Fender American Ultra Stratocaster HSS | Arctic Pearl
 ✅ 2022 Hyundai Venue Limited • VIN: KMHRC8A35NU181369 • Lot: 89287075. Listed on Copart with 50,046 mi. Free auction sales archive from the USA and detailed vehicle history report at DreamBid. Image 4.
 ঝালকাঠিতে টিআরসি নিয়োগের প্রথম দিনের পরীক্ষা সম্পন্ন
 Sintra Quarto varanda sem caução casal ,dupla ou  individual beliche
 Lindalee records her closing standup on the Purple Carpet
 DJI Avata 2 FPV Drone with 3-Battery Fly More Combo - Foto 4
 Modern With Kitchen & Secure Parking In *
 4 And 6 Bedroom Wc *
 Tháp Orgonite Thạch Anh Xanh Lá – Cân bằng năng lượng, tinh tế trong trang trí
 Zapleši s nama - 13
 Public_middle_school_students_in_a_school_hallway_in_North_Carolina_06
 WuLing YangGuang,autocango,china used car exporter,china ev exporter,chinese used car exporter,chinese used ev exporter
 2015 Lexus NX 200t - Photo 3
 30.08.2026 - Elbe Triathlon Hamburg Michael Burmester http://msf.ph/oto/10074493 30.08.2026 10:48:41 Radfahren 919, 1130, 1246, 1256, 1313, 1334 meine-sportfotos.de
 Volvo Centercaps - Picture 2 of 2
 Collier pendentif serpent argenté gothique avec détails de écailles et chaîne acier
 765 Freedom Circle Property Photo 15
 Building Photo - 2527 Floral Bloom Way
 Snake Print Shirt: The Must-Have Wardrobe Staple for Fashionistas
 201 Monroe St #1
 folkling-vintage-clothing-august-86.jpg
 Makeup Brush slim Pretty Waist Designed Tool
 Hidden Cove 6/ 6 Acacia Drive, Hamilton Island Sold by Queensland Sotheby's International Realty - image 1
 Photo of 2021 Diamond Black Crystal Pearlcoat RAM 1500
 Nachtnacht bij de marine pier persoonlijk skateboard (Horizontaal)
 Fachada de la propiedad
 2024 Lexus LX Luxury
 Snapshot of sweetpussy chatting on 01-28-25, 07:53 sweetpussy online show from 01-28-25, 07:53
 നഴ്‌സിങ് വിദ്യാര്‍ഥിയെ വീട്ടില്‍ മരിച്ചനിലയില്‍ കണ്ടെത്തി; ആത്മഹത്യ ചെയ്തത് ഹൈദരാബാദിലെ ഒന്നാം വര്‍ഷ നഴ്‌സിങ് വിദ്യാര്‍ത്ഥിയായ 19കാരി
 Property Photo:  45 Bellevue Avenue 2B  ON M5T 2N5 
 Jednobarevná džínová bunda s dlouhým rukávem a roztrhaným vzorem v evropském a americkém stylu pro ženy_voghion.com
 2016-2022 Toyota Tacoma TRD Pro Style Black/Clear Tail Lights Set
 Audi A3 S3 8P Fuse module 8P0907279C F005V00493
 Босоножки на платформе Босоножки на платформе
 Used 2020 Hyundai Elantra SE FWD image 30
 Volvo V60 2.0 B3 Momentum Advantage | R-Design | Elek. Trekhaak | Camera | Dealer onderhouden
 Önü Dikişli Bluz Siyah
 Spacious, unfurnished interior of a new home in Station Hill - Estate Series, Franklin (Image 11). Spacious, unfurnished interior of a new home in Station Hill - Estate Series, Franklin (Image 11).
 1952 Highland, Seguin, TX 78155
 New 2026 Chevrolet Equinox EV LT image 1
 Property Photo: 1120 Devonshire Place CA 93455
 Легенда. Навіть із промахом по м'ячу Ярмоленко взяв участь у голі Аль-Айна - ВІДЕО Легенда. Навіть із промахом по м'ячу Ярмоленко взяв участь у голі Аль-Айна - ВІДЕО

○ ○ ○

Work instruction ▸ Transcribe each record shown above, exactly.

Reply to the task ▸
Fender American Ultra Stratocaster HSS | Arctic Pearl
 ✅ 2022 Hyundai Venue Limited • VIN: KMHRC8A35NU181369 • Lot: 89287075. Listed on Copart with 50,046 mi. Free auction sales archive from the USA and detailed vehicle history report at DreamBid. Image 4.
 ঝালকাঠিতে টিআরসি নিয়োগের প্রথম দিনের পরীক্ষা সম্পন্ন
 Sintra Quarto varanda sem caução casal ,dupla ou  individual beliche
 Lindalee records her closing standup on the Purple Carpet
 DJI Avata 2 FPV Drone with 3-Battery Fly More Combo - Foto 4
 Modern With Kitchen & Secure Parking In *
 4 And 6 Bedroom Wc *
 Tháp Orgonite Thạch Anh Xanh Lá – Cân bằng năng lượng, tinh tế trong trang trí
 Zapleši s nama - 13
 Public_middle_school_students_in_a_school_hallway_in_North_Carolina_06
 WuLing YangGuang,autocango,china used car exporter,china ev exporter,chinese used car exporter,chinese used ev exporter
 2015 Lexus NX 200t - Photo 3
 30.08.2026 - Elbe Triathlon Hamburg Michael Burmester http://msf.ph/oto/10074493 30.08.2026 10:48:41 Radfahren 919, 1130, 1246, 1256, 1313, 1334 meine-sportfotos.de
 Volvo Centercaps - Picture 2 of 2
 Collier pendentif serpent argenté gothique avec détails de écailles et chaîne acier
 765 Freedom Circle Property Photo 15
 Building Photo - 2527 Floral Bloom Way
 Snake Print Shirt: The Must-Have Wardrobe Staple for Fashionistas
 201 Monroe St #1
 folkling-vintage-clothing-august-86.jpg
 Makeup Brush slim Pretty Waist Designed Tool
 Hidden Cove 6/ 6 Acacia Drive, Hamilton Island Sold by Queensland Sotheby's International Realty - image 1
 Photo of 2021 Diamond Black Crystal Pearlcoat RAM 1500
 Nachtnacht bij de marine pier persoonlijk skateboard (Horizontaal)
 Fachada de la propiedad
 2024 Lexus LX Luxury
 Snapshot of sweetpussy chatting on 01-28-25, 07:53 sweetpussy online show from 01-28-25, 07:53
 നഴ്‌സിങ് വിദ്യാര്‍ഥിയെ വീട്ടില്‍ മരിച്ചനിലയില്‍ കണ്ടെത്തി; ആത്മഹത്യ ചെയ്തത് ഹൈദരാബാദിലെ ഒന്നാം വര്‍ഷ നഴ്‌സിങ് വിദ്യാര്‍ത്ഥിയായ 19കാരി
 Property Photo:  45 Bellevue Avenue 2B  ON M5T 2N5 
 Jednobarevná džínová bunda s dlouhým rukávem a roztrhaným vzorem v evropském a americkém stylu pro ženy_voghion.com
 2016-2022 Toyota Tacoma TRD Pro Style Black/Clear Tail Lights Set
 Audi A3 S3 8P Fuse module 8P0907279C F005V00493
 Босоножки на платформе Босоножки на платформе
 Used 2020 Hyundai Elantra SE FWD image 30
 Volvo V60 2.0 B3 Momentum Advantage | R-Design | Elek. Trekhaak | Camera | Dealer onderhouden
 Önü Dikişli Bluz Siyah
 Spacious, unfurnished interior of a new home in Station Hill - Estate Series, Franklin (Image 11). Spacious, unfurnished interior of a new home in Station Hill - Estate Series, Franklin (Image 11).
 1952 Highland, Seguin, TX 78155
 New 2026 Chevrolet Equinox EV LT image 1
 Property Photo: 1120 Devonshire Place CA 93455
 Легенда. Навіть із промахом по м'ячу Ярмоленко взяв участь у голі Аль-Айна - ВІДЕО Легенда. Навіть із промахом по м'ячу Ярмоленко взяв участь у голі Аль-Айна - ВІДЕО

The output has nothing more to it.